SUPPLIED MATERIAL>
○ ○ ○

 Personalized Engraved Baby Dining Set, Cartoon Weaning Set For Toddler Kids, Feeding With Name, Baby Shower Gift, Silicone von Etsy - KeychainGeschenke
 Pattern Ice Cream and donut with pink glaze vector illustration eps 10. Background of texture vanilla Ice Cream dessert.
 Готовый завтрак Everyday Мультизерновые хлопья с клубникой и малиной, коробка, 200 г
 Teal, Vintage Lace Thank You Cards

○ ○ ○

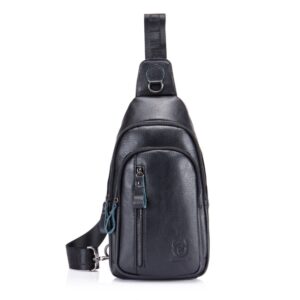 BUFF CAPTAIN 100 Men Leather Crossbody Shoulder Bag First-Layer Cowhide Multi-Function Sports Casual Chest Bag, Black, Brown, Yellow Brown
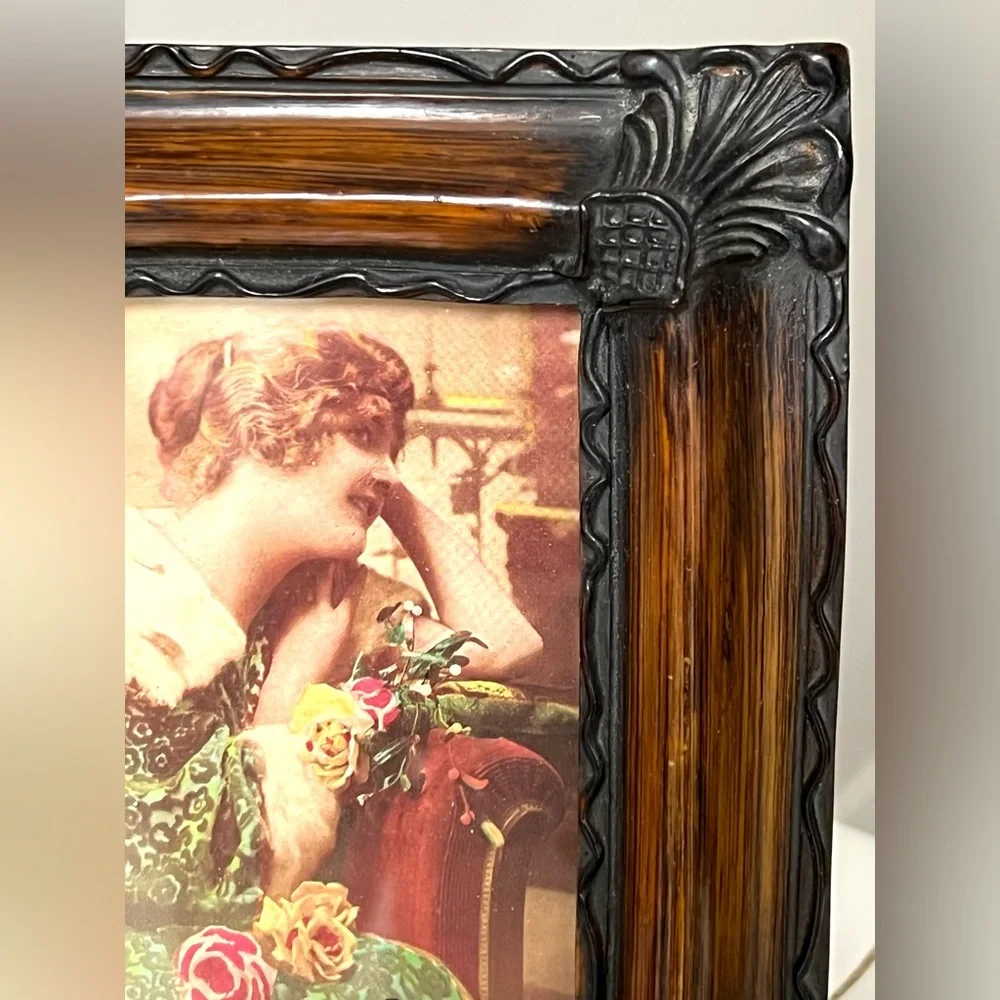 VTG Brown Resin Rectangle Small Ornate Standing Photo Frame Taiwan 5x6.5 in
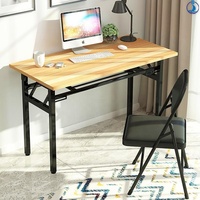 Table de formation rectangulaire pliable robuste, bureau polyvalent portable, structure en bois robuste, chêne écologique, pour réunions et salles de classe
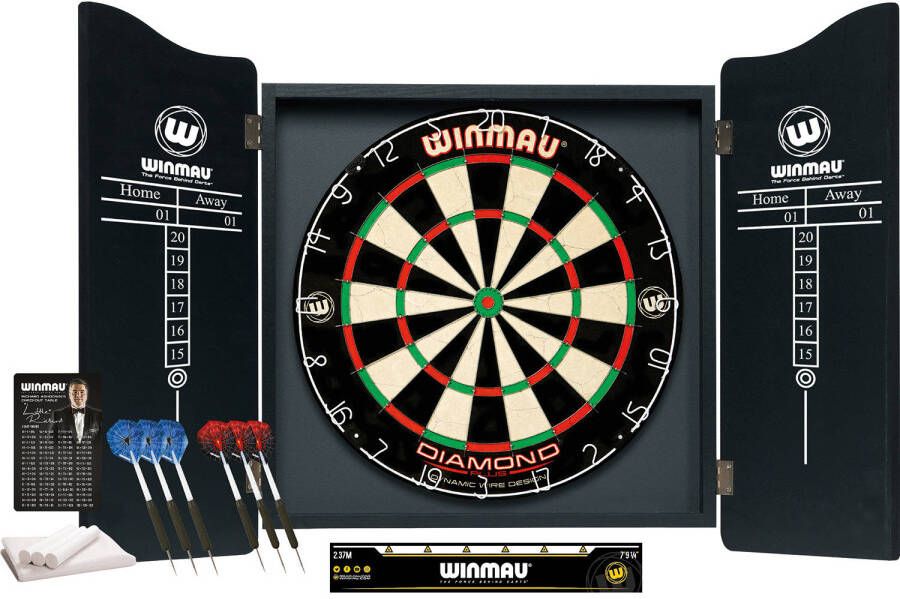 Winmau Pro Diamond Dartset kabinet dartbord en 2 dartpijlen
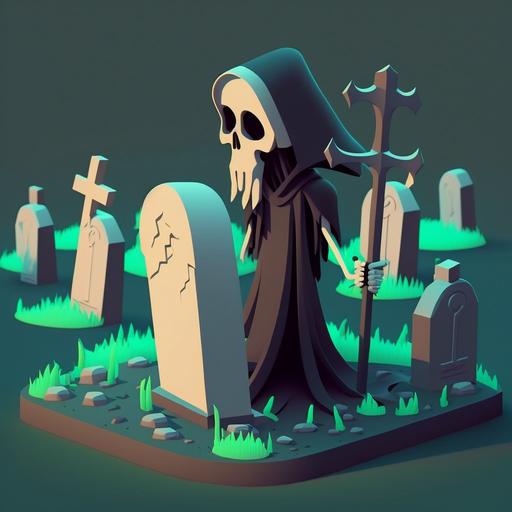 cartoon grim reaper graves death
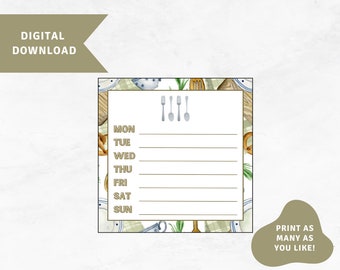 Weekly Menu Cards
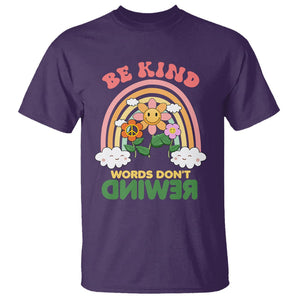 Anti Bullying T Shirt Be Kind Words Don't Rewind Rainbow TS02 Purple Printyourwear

○ ○ ○

DIRECTIONS FOR THIS TASK>
Working from the records above, set down word for word everything from the line containing "Weekly Menu Cards" down to the line containing "Anti Bullying T", ends included, minus the pictures.

TASK RESPONSE>
 Weekly Menu Cards
 Anti Bullying T Shirt Be Kind Words Don't Rewind Rainbow TS02 Purple Printyourwear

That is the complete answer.